_Problem requirements_
Restate word for word the lines between the start of the material and the line with "Cover image for", keeping both of those ends and none of the pictures.

_Supplied information_
★ ★ ★ ★ ★

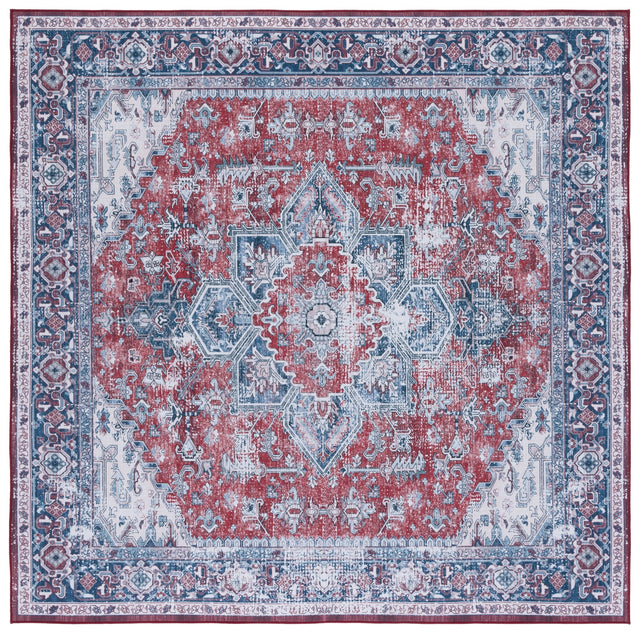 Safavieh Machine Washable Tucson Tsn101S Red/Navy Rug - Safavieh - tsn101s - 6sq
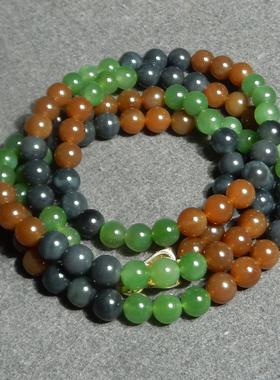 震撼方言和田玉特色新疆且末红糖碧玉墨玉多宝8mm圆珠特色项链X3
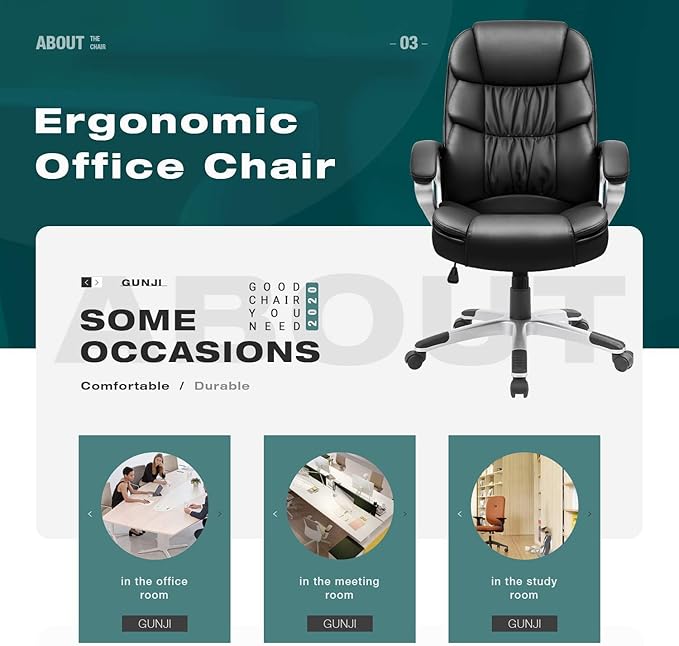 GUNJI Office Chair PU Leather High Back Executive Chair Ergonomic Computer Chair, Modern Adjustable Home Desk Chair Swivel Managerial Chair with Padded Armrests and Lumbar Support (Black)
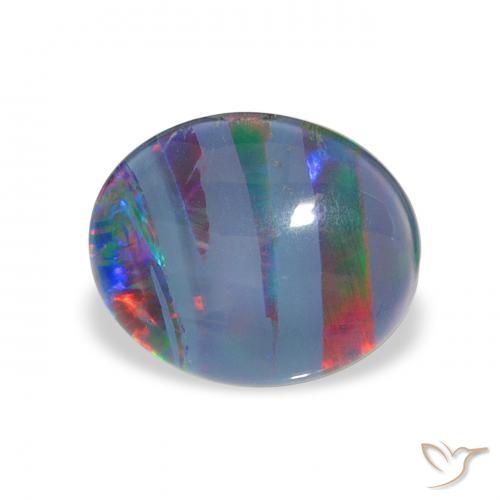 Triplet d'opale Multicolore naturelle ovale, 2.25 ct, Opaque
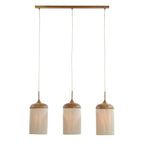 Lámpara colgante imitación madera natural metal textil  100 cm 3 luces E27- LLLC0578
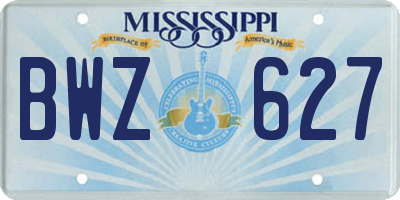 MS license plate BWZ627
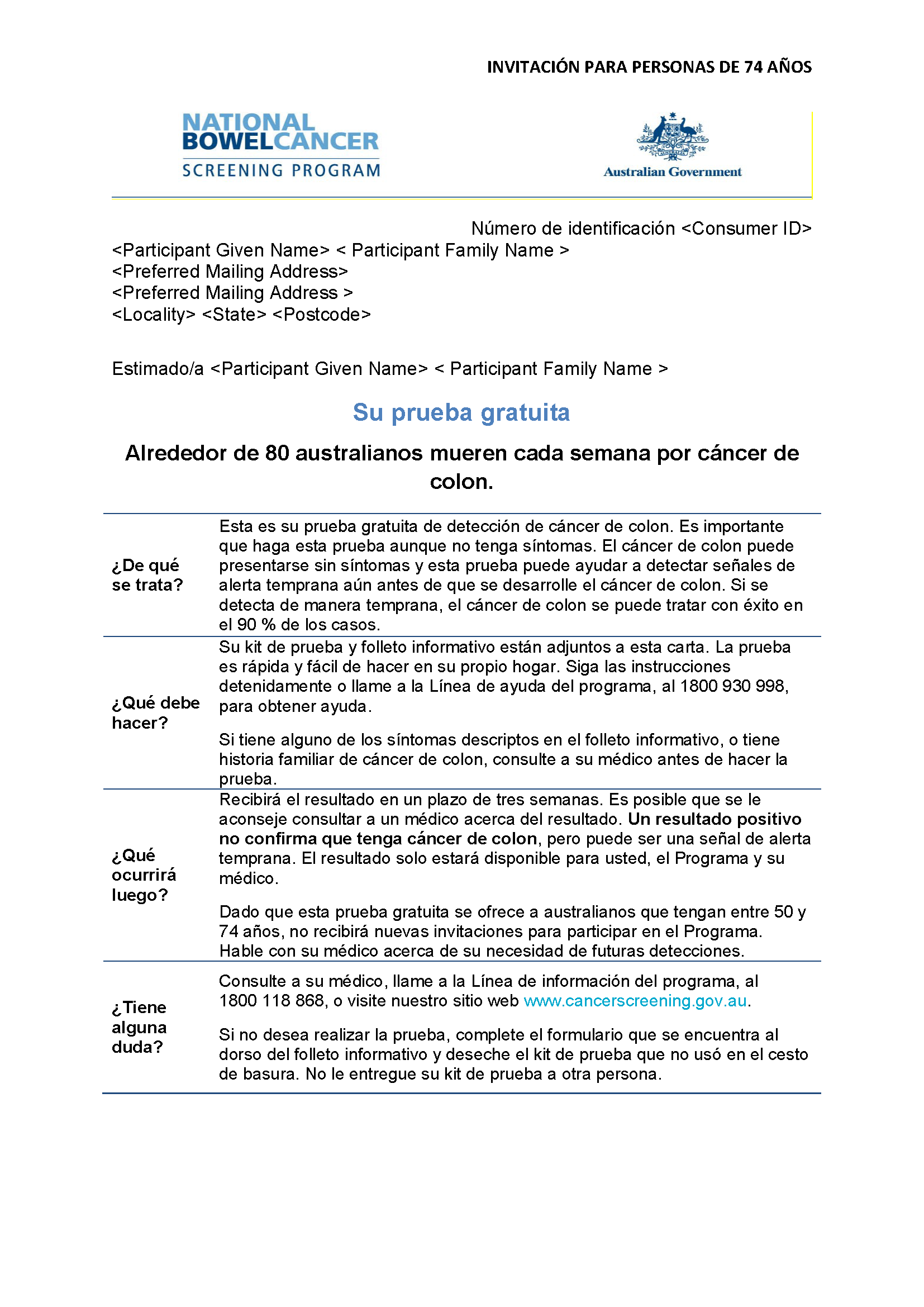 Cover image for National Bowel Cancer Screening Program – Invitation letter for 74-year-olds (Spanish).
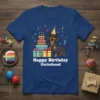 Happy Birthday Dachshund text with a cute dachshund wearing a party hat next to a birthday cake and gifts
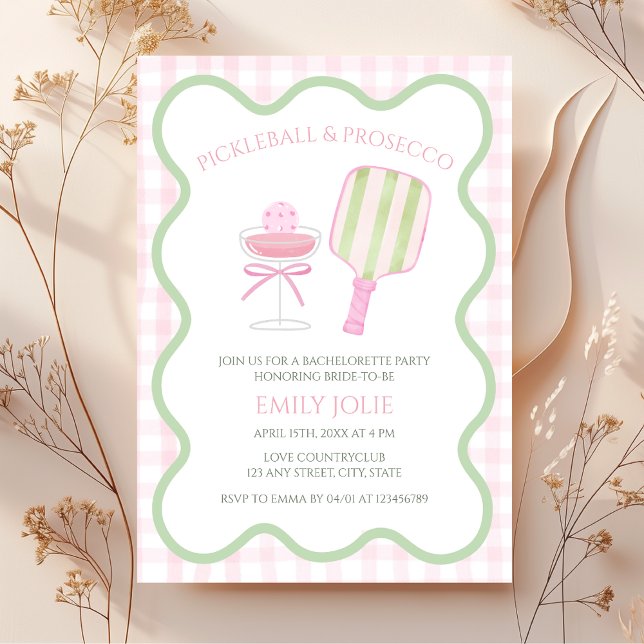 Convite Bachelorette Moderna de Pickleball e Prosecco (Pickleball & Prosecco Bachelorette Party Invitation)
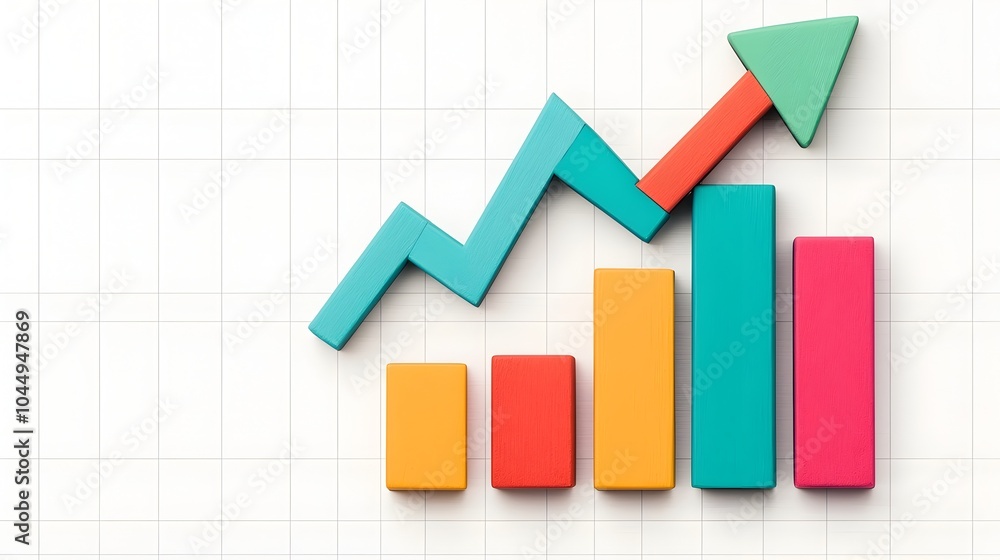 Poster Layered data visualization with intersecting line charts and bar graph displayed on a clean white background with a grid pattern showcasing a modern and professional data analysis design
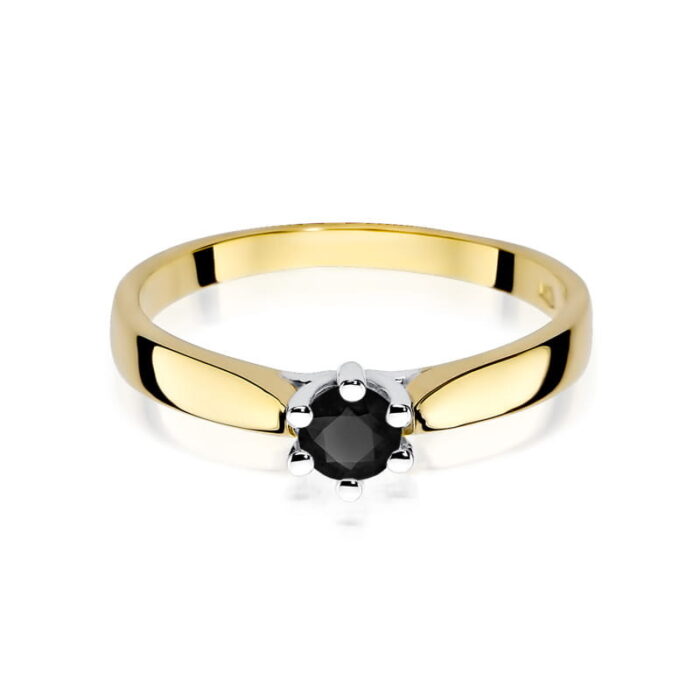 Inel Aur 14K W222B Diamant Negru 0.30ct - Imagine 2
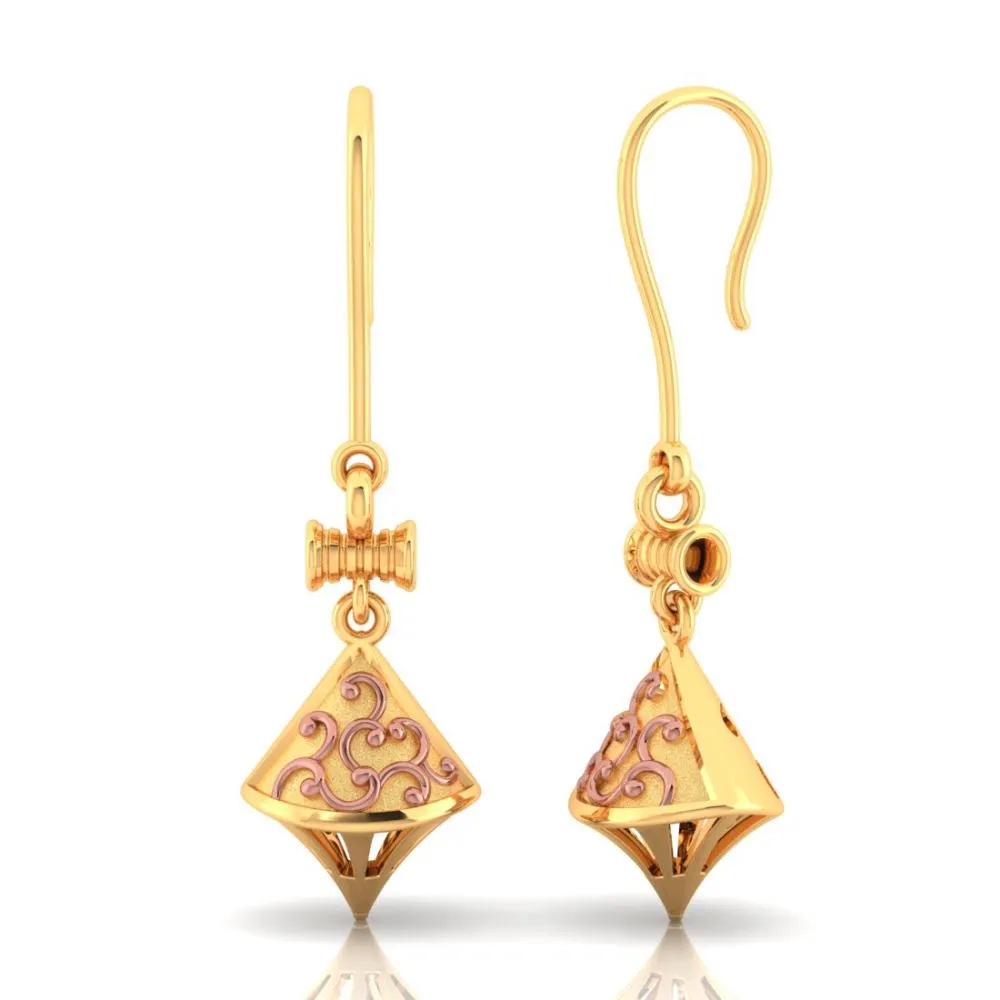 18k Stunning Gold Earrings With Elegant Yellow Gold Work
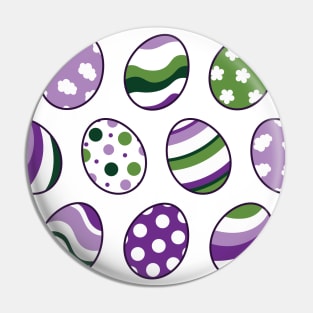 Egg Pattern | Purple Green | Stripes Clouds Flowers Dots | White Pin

★ ★ ★ ★ ★

_Solution to this task_
 Safavieh Machine Washable Tucson Tsn101S Red/Navy Rug - Safavieh - tsn101s - 6sq
 震撼方言和田玉特色新疆且末红糖碧玉墨玉多宝8mm圆珠特色项链X3
 GUNJI Office Chair PU Leather High Back Executive Chair Ergonomic Computer Chair, Modern Adjustable Home Desk Chair Swivel Managerial Chair with Padded Armrests and Lumbar Support (Black)
 Triplet d'opale Multicolore naturelle ovale, 2.25 ct, Opaque
 Lámpara colgante imitación madera natural metal textil  100 cm 3 luces E27- LLLC0578
 MS license plate BWZ627
 Cover image for National Bowel Cancer Screening Program – Invitation letter for 74-year-olds (Spanish).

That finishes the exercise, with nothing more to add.